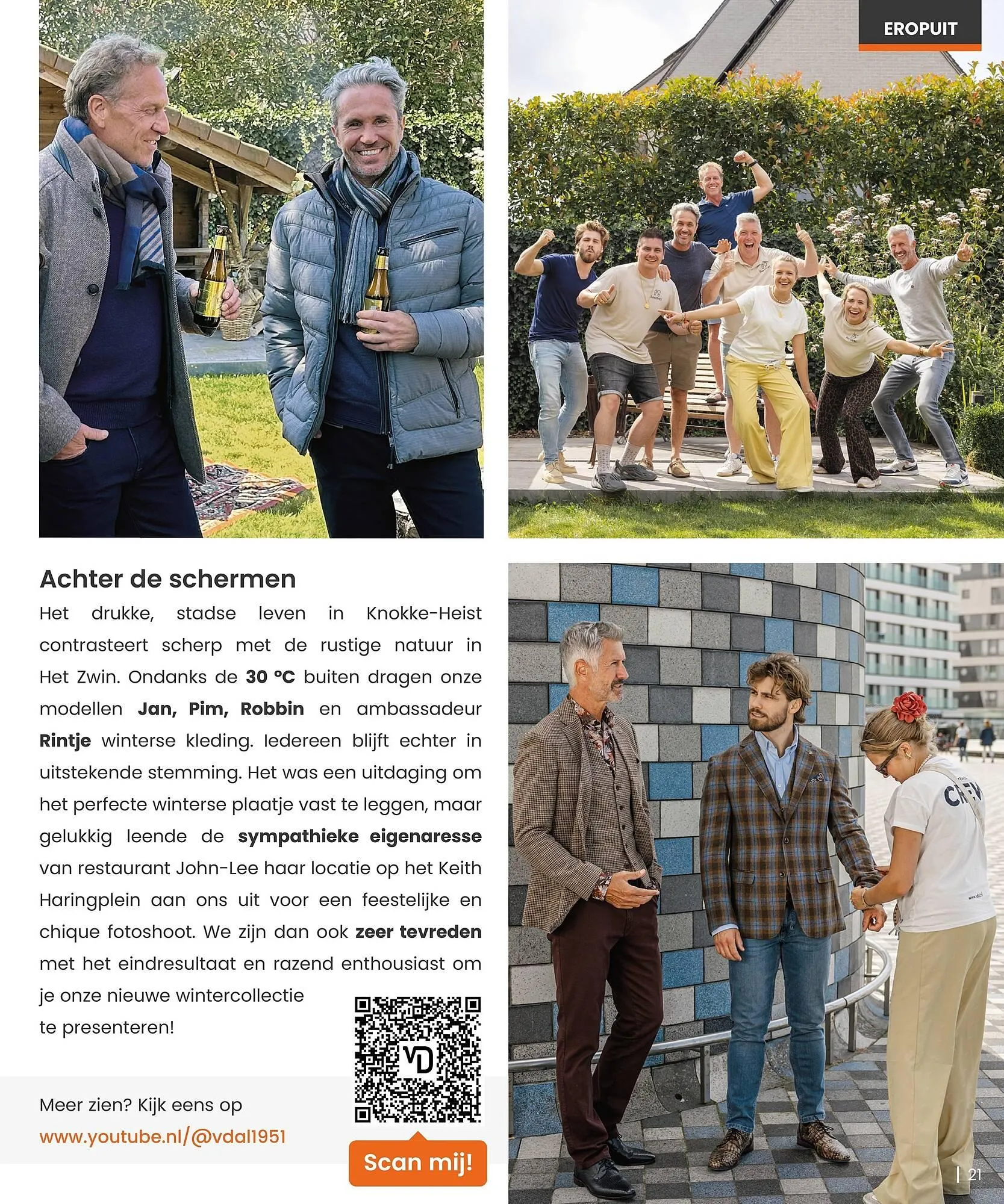 Van Dal Mannenmode folder van 3 maart tot 16 maart 2025 - Folder pagina 21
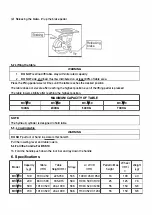 Preview for 4 page of Vestil MH-V10 Operating Manual & Parts List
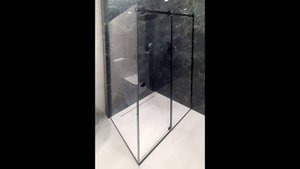 Душевая кабина из стекла на заказ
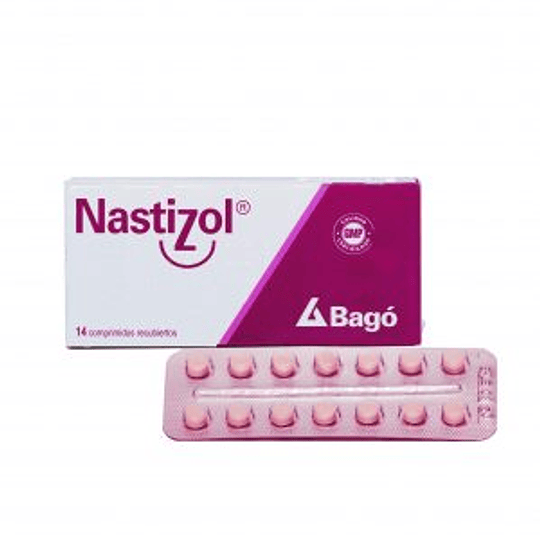 Nastizol 14 comprimidos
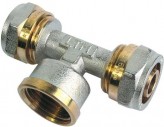 KOER Обжимной тройник WaterPRO Master 26х1/2" ВРх26
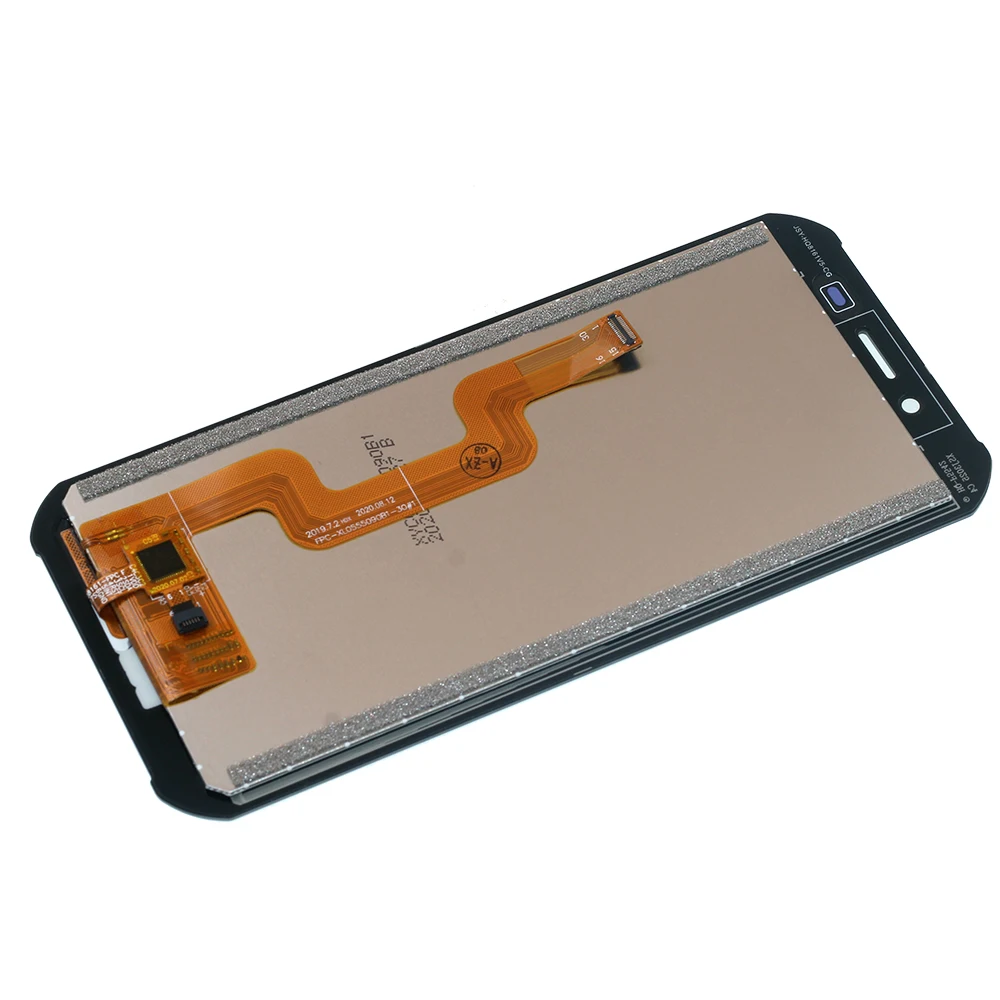 original for doogee s40 lcd display touch screen digitizer assembly for doogee s40 mobile phone accessories repair parts free global shipping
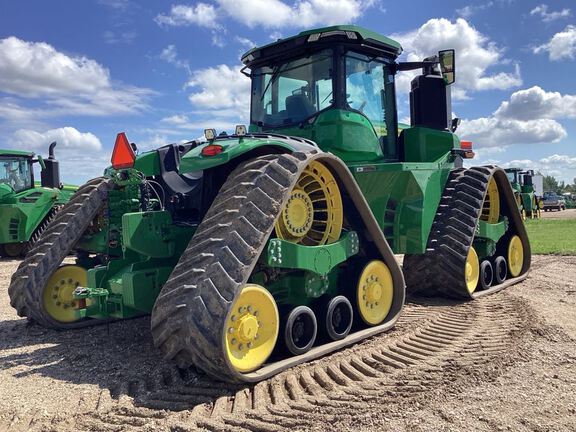 2022 John Deere 9RX 590 Tractor Rubber Track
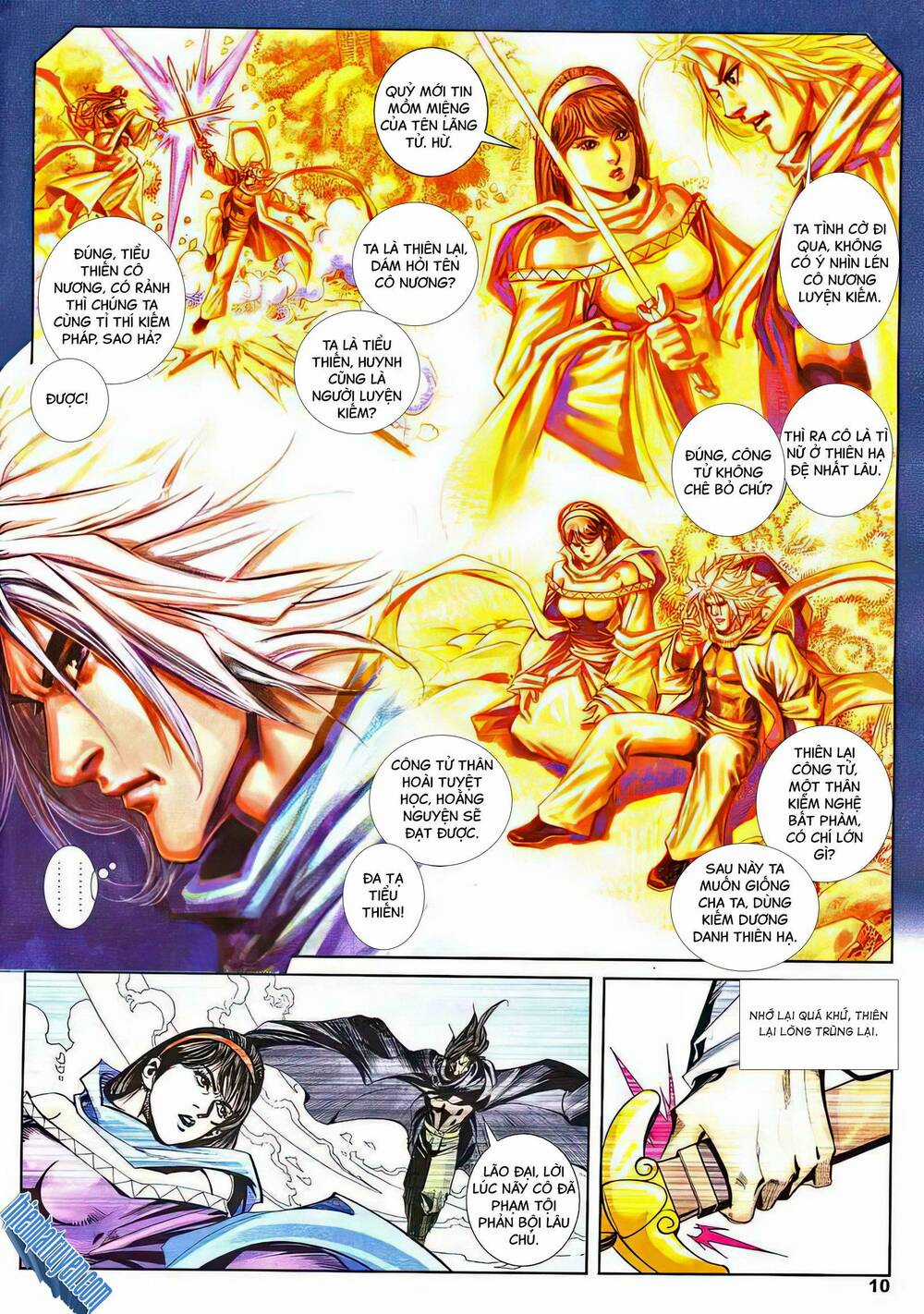 Bá Đao Vô Địch Chapter 15 trang 9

_ _ _ _

◆ **WORK TO COMPLETE**
Retype only the lines above from the one with "original for doogee" through the last, both ends included, keeping every picture out of the copy.

◆ **RESPONSE**
 original for doogee s40 lcd display touch screen digitizer assembly for doogee s40 mobile phone accessories repair parts free global shipping
 2022 John Deere 9RX 590 Tractor Rubber Track
 Bá Đao Vô Địch Chapter 15 trang 9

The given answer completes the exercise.